Game 2, however, was especially heartbreaking for the Rockets.
Trailing by one with under 10 seconds to play, James Harden had a chance to clinch victory. He deferred to Howard, who deferred back to him, then tried dribbling through Stephen Curry and Klay Thompson—a sequence that ended as one would expect, with Harden failing to get a shot off as time expired, and Houston submitting to a 99-98 loss and 2-0 series hole.
Now the Rockets are facing a must-win situation in Game 3.
Can they feed off the home crowd's energy and avoid an irreversible 3-0 death sentence? Or will the Warriors seize complete and utter control of this series while improving to 7-0 against against Houston this season?
|Western Conference Finals Schedule|
|3||Saturday||May 23||9 p.m. ET||Houston, TX|
|4||Monday||May 25||9 p.m. ET||Houston, TX|
|5*||Wednesday||May 27||9 p.m.
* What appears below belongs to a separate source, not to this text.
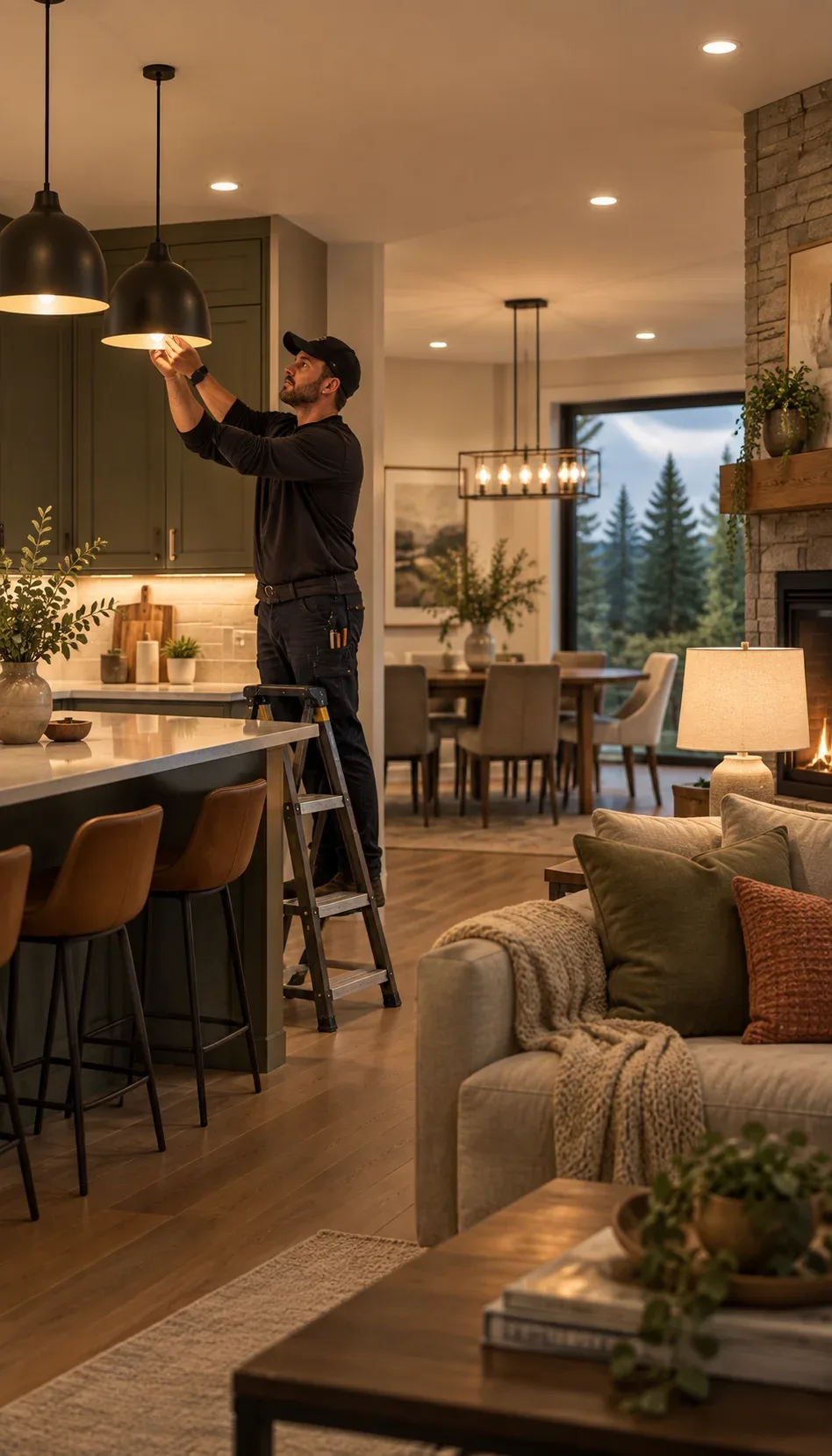 Finished living space with layered indoor lighting in Kitchener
ET||Oakland, CA|
|6*||Friday||May 29||9 p.m. ET||Houston, TX|
|7*||Sunday||May 31||9 p.m. ET||Oakland, CA|
Does Houston Have Anymore Postseason Magic Left in the Tank?
Good luck answering this question right off the bat.
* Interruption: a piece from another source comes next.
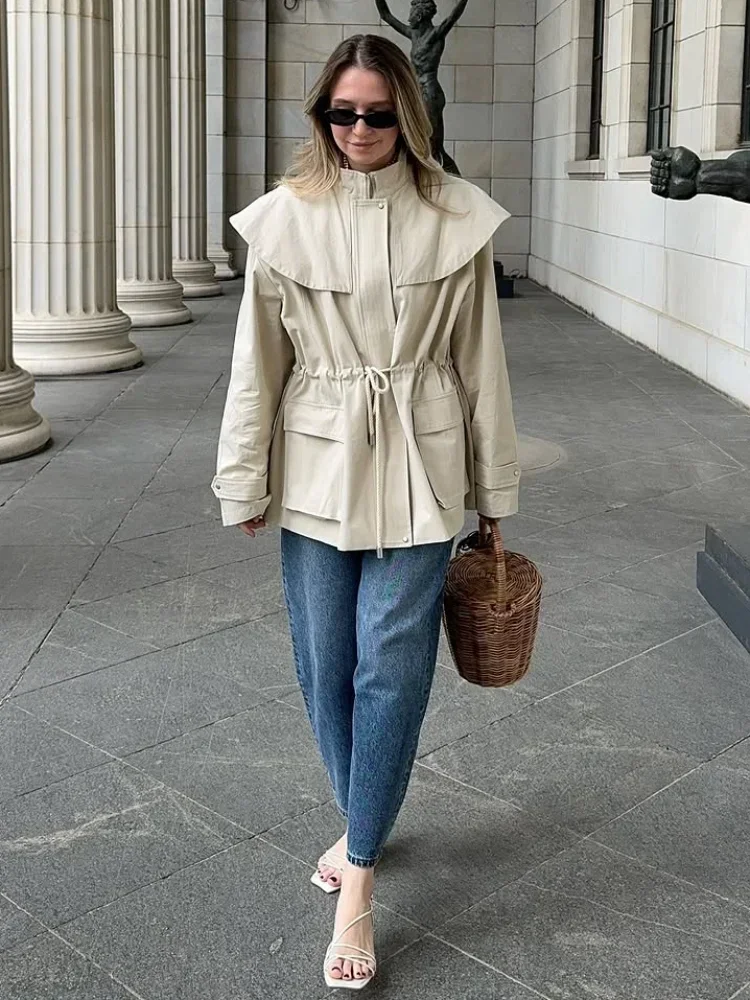 Femmes col bateau ceinture coupe-vent décontracté solide fermeture éclair poche veste ample 2025 automne dame quotidien banlieue vêtements d'extérieur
Falling behind 2-0 in best-of-seven series is usually the equivalent of digging your own grave. Comebacks are completed less than 10 percent of the time, according to WhoWins.com. Houston itself, while better than the mean, hasn't found much success in these situations, per ESPN Stats & Info:
With those overwhelming odds in mind, the Rockets are one round removed from powering through a 3-1 deficit against the Los Angeles Clippers. Just when it looked like they were done, they won three straight games to earn this Western Conference Finals bid.
To write them off now is to ignore Games 1 and 2 as well. They were losses that could have been wins. And despite what the series score implies, the Rockets have at least shown they can hang with the NBA's best team.
But completing yet another comeback entails beating the Warriors four times in five tries. They haven't lost four of five all season, and it's unreasonable to expect a 67-win giant to collapse now, two victories away from an NBA Finals berth.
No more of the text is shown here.